Horacio
Verbitsky, a mi parecer el mejor periodista vivo de América Latina, cuenta una
anécdota que tuvo como protagonista a Rodolfo Walsh, su amigo. Asistían a una
reunión social de escritores y periodistas, y alguien se acercó a Walsh para
decirle que su cuento “Esa mujer” era muy bueno, pero que si alguna vez lo
traducían, por ejemplo, al francés, era necesario modificarle varios detalles
para que resultara entendible a los franceses. El autor de Operación Masacre contestó que no le importaba que los franceses lo
entendieran, que su propósito era ser leído y apreciado por los suyos, los argentinos.
La
respuesta de Walsh no fue descortés, sino la seca afirmación de una
postura. Frente a la urgencia que abrazan algunos escritores por trascender
fronteras y, como dicen desde hace un tiempo, con horripilante neologismo, “internacionalizarse”,
el autor de Variaciones en rojo se
mostró tenaz en la idea de ser leído y comprendido por sus lectores inmediatos,
que para eso trabajaba.
Esta
situación, la implícita en lo respondido por Walsh, me lleva a pensar en una
circunstancia que encaro de manera recurrente. Debido a que ahora hay mil
espacios chicos y grandes para publicar, no ha faltado que incluso a mí me
inviten a colaborar allá donde no me conoce (ni conozco a) nadie. Mi respuesta es
más o menos la misma: si se trata de algo esporádico, de una colaboración no
fija, sino ocasional o única, adelante, mi respuesta es frecuentemente
afirmativa. Así, en los meses recientes pude hacerme visible en una página
digital de Chile, en un suplemento literario de Puebla, en la revista Casa del Tiempo de la UAM y en una web
de Santiago del Estero. He optado conscientemente por no aceptar compromisos
fijos debido a que ya en mi entorno lagunero tengo los suficientes: la columna
de Milenio Laguna, el artículo para
la revista Nomádica y la colaboración
para Acequias de la Ibero Torreón.
Con esto casi casi es demasiado, así que no deseo sumar entregas.
Tal
decisión se debe fundamentalmente a que nunca se ha dado en serio, ni he
buscado, un espacio fijo más allá de La Laguna. Mi interés se ha centrado en “dialogar”

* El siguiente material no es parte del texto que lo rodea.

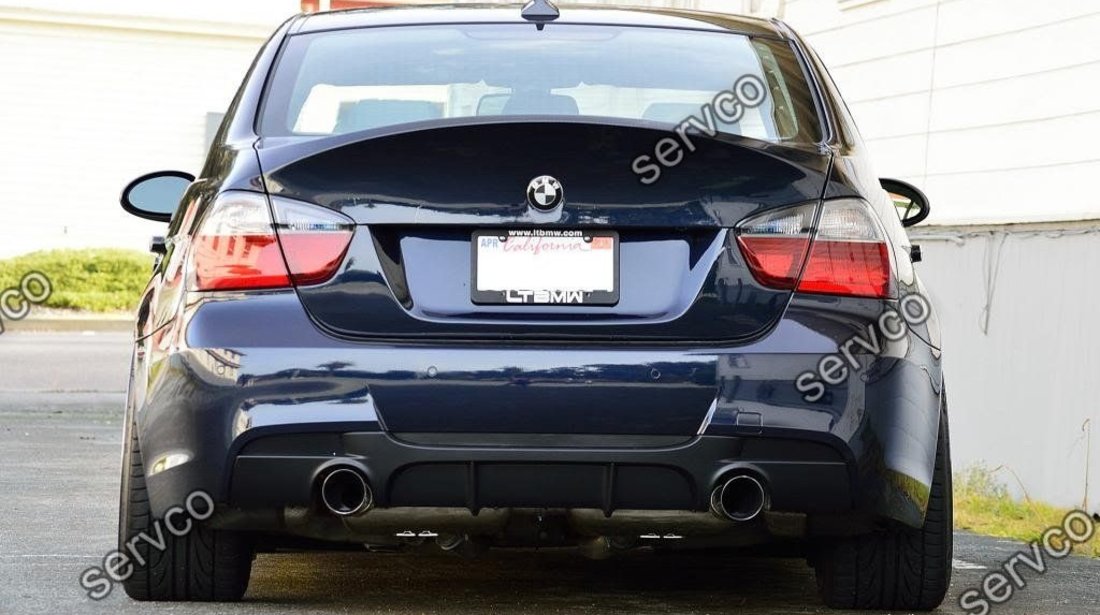 Difuzor lip buza spoiler bara spate BMW E90 E91 M3 335 xi pt bara pachet M v2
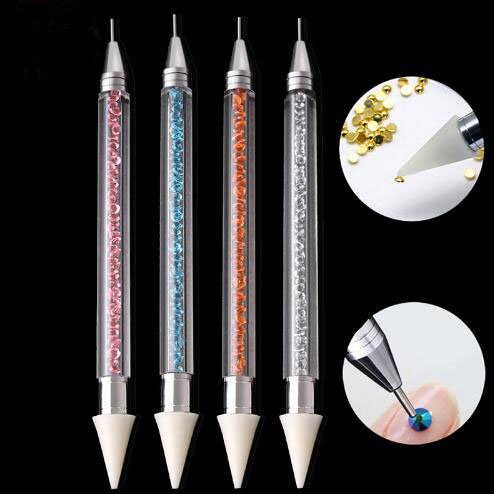 Dual-End Precision Pen - Penna Ergonomica per Diamantini e Nail Art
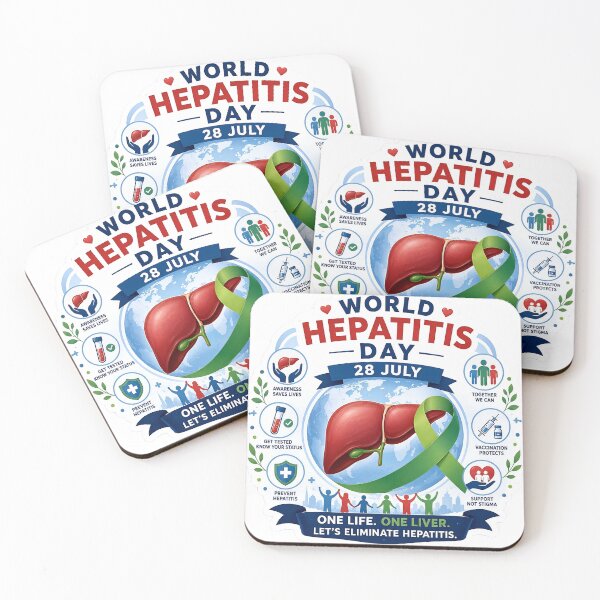 Item preview, World Hepatitis Day Awareness Sticker – One Life, One Liver (28 July) designed and sold by Artisan Finds Online.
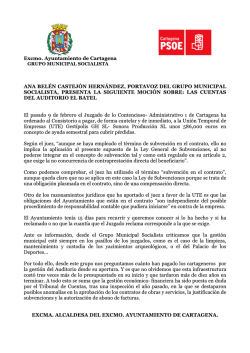 Mociones, Ruegos y Preguntas al Pleno de 23-02-2015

con la gente de aquí, en servir de enlace, sobre todo, entre los libros y los
autores que leo y las personas que habitan esta parte de México. Esto ha
provocado que sea rara la detección de mi trabajo más allá de los cerros calvos
que delimitan nuestro espacio, hecho que a veces lamento sin llegar al desgarre
de ninguna vestidura y sin abrigar ningún resentimiento. Finalmente es algo que
yo mismo he promovido, así que sería necio quejarme de mis propias iniciativas.
Por
esto es alentador que de vez en cuando, cada mucho, algo llegue a ser comentado
más allá del que considero mi “lector modelo”, el lector lagunero. Es como
oír un eco lejano del grito que uno pega. Esto me ocurrió dos veces seguidas
hace poco en un par de radiodifusoras de la Ciudad de México. Una de ellas supuso
una casualidad casi mágica. En la noche conversaba por Whatsapp con mi hija
mayor y me comentó que tenía la inquietud de escribir cuentos. Me pidió algunos
consejos prácticos, se los di y ahí terminó la charla. Al día siguiente,
mientras ella preparaba su desayuno, bajó un podcast donde la escritora Mónica Lavín daba consejos para escribir
cuentos, y, al referirse al libro colectivo Ligeros de equipaje, mencionó con énfasis el cuento de mi cosecha allí incluido. Mi
hija quedó sorprendida, y yo más, por lo que ya dije: no es frecuente hallar
lectores más allá de mi región. Otro tanto pasó ayer, cuando mi amiga Marcela
Medina me envió un audio donde en un programa chilango comentaron una de mis
columnas.
No
es el fruto que busco al escribir, pero es grato advertir que a veces, muy a
veces, por añadidura, estos párrafos respiran otros aires.